It was not possible to separate warfare from religion. The connection of the two was evident in many aspects of military practice. To the Jews, God was the Lord of Hosts who went before them into battle (Exo 15:3; Judg 4:14; 1 Sam 17:45; Isaiah 42:13). There was a sacred “Book of the Wars of the Lord” (Num 21:14). Before going to war, the men had to keep themselves ritually clean, not even engaging in sexual relationships (2 Sam 11:11). Health laws were involved in the commandments concerning ceremonial uncleanliness, but there were other laws in operation as well as those (Deut 13:13-14).
A military campaign commenced with an act of worship (1 Kings 8:44) and a response from members of the armed forces (Psa 20). Prophets told the army commander exactly what he was to do (1 Kings 20:13-30) and the outcome of the battle (Judges 20:27-28), and they gave advice when it was needed (2 Kings 6:8-10). The war cry was a spiritual one (Judges 7:18).

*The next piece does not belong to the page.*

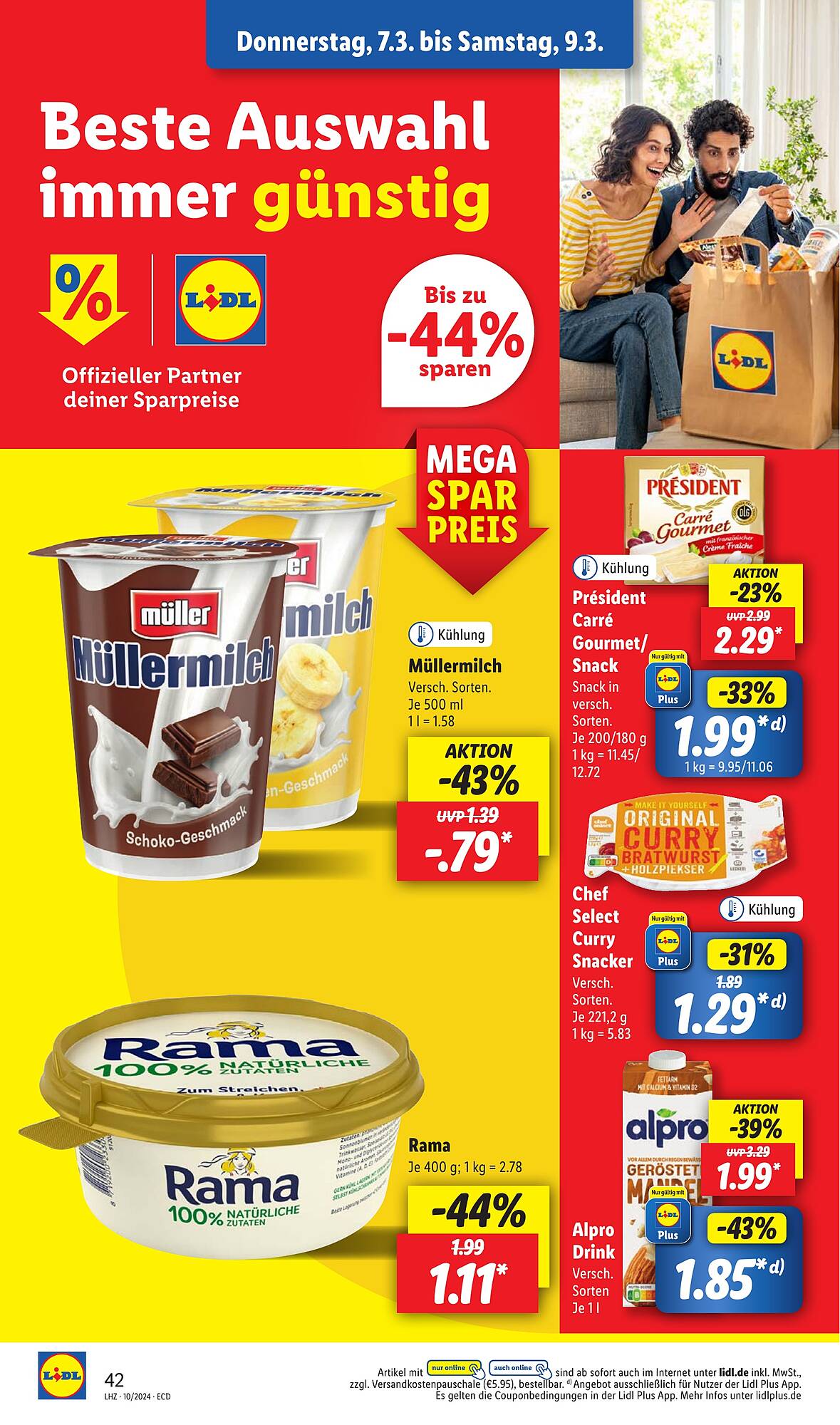 Lidl Prospekt 4 – 9 Marsch 2024 Seite 52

Victory was understood as being God’s and everything taken in battle belonged to God. It was given to God by burning or by death, as cities were put “under the curse” or “under the ban,” terms indicating a ritual giving to God. Any person breaking the curse became curse (Joshua 7). God did not always take everything; there were occasions when he allowed the sharing of booty (Joshua 8:27); neither did he always seek the death of a population. His decree concerning a people depended upon the degree of their wickedness (Gen 15:16). The holiness of the campaign was such that if the Jews turned against God, then God would use others to put the Jews themselves “under the ban” (Isaiah 10:5-6; Habakkuk 1:5-11) and would even fight against his own people (Jer 21:5-7).